The model contains ~40 millions parameters with a 1->64->128->256->512->1024->512->256->128->64->1 architecture, which is similar to a ResNet 101 in terms of number of paramater.

However I find that when I am using this model for training with 448x448 images, it takes almost 7GO of memory on my GPU which seems pretty big. I can only use a batch size of 1.

Do you this this is normal or would it rather comes from an unoptimized code ? I lack knowledge about plausible memory use for such architectures.

ptrblck · August 23, 2022, 9:31pm

It might be expected and you could check the number of trainable parameters, buffers, and the shape of all intermediate activations to verify it. This post gives you an example how to do so.
Alternatively, you could also add debug print statements into the forward method and check how much memory is used where via print(torch.cuda.memory_summary()).

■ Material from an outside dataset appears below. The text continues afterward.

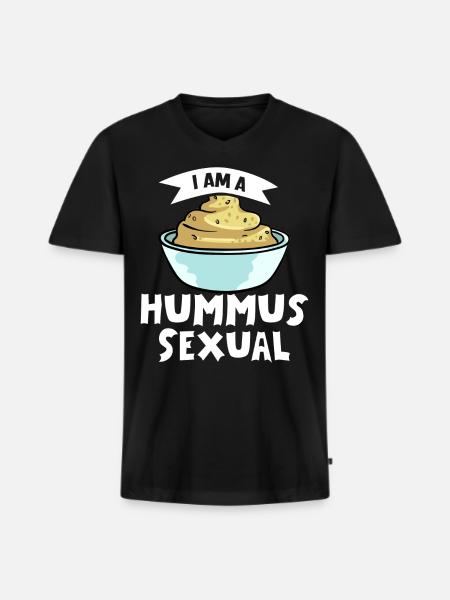 Hummus chickpea recipes Black bean - Men's Premium Organic T-shirt with V-neck - black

Lelouch1 · August 24, 2022, 12:29pm

I used your code and it tells me that it should take 2.7GB which is far from 6-7GB. However I have reccurent layers that will loop over the same conv module several times, so I suppose I have to change what you did to have a proper estimation because it’s underestimating the number of activations.

I also used print(torch.cuda.memory_summary()) at the end of a forward pass and it tells my that the current usage is 4.1GB and the peak usage is 8.4GB. The peaks seems to be a bit above what I observe but I suppose this is because I used a DataParallel and therefore the first gpu used a bit more memory.

ptrblck · August 24, 2022, 7:25pm

Did you only calculate the parameters/buffers or also the intermediate activations?

Yes, this sounds reasonable and my simple code snippet might not be able to capture the recurrent usage of modules. In any case, it is also not a perfect calculation, but can be used to estimate which part of the model uses the majority of memory.